Von Dietholf Zerweck

Stuttgart - Schon im elften Jahr existiert „Der Sommer in Stuttgart“. Das Festival für Neue Musik, welches in Kooperation von Musik der Jahrhunderte, Akademie Schloss Solitude, SWR, Ensemble Ascolta und Stuttgarter Kammerorchester veranstaltet wird, begann am Donnerstagabend mit einem spielerischen Blick zurück: Für Sergej Diaghilev hatte Erik Satie 1917 in Paris ein „Ballet réaliste“ mit Pappmaché-Figuren von Picasso komponiert, welches nun in einem Arrangement von Andrew Digby für die neun Musiker von Ascolta im Theaterhaus zur Aufführung kam. Zwischen Ragtime und formelhaften Versatzstücken entwirft Saties „Parade“ ein siebenteiliges unterhaltsames Panorama, zu dem die israelische Performance-Künstlerin Li Lorian via Projektion, Papierschiffchen und Lichtergirlanden an die Umstände der Uraufführung erinnerte, in der der Dichter Guillaume Apollinaire „une sorte de surréalisme“ erkannte. Dadaistisch wurde es danach mit René Clairs Stummfilm „Entr’acte“, zu dem das Ensemble Ascolta sowohl Saties dafür komponiertes Stück „Cinéma“ als auch die Neukomposition „En tractant“ von Martin Smolka spielte: ein reizvoller Vergleich, wo dem flotten Witz Saties die detailliertere Aneignung Smolkas begegnete. Andrew Digbys Bearbeitung für Holz- und Blechbläser, Klavier, E-Gitarre, Cello und doppeltes Schlagzeug, souverän dargeboten vom Ensemble (in dem Digby Posaune und Euphonium spielt), unterstrich den Varieté-Charakter des Originals.
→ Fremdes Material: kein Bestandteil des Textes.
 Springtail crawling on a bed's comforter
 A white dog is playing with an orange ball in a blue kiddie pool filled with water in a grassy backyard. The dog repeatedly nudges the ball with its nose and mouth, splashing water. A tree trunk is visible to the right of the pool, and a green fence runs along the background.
Meditative Ferrari-Geräusche

Zad Moultakas „UM“ führte im zweiten Konzert mit dem französischen Ensemble instrumental Ars Nova und den Neuen Vocalsolisten unter der Leitung von Philippe Nahon in völlig andere Klangwelten. Die Koproduktion mit dem Pariser IRCAM ist inspiriert vom tibetischen Totenbuch. Mit Flüstern, Zungenschnalzen, vereinzelten Lauten und Silben beginnt das einstündige Werk, Tonbewegungen weiten sich zu Dezimintervallen, die sechs Vocalsolisten entwickeln im Kontrast von tief resonanten Männer- und luftig transparenten Frauenstimmen einen litaneiartigen Singsang, in den sich Flöte und Klarinette, Viola und Cello einschalten. Durch gewalttätig forcierte Blechbläser-Tutti droht die Klangarchitektur in sich zusammenzustürzen, und erst jetzt kommt Elektronik hinzu: Zusammen mit dem IRCAM-Programmierer Gilbert Nouno hat Zad Moultaka die Motorengeräusche eines Ferrari als einer Geräuschikone westlicher Zivilisation so transformiert, dass sie den Mantras tibetanischer Mönche ähneln und dadurch eine Beruhigung der musikalischen Struktur erfolgt. Der letzte Teil des Stücks wird von einem faszinierenden Dialog der Klänge zwischen bogengestrichenen Vibraphonstäben und Zuspiel-Orgelton eingeleitet, der sich am Ende zu einem sanft tönenden Universum von Chorstimmen, Instrumenten und Elektronik weitet: eine organisch sich entfaltende Komposition, die am Schluss in Sphärenklängen entschwebte.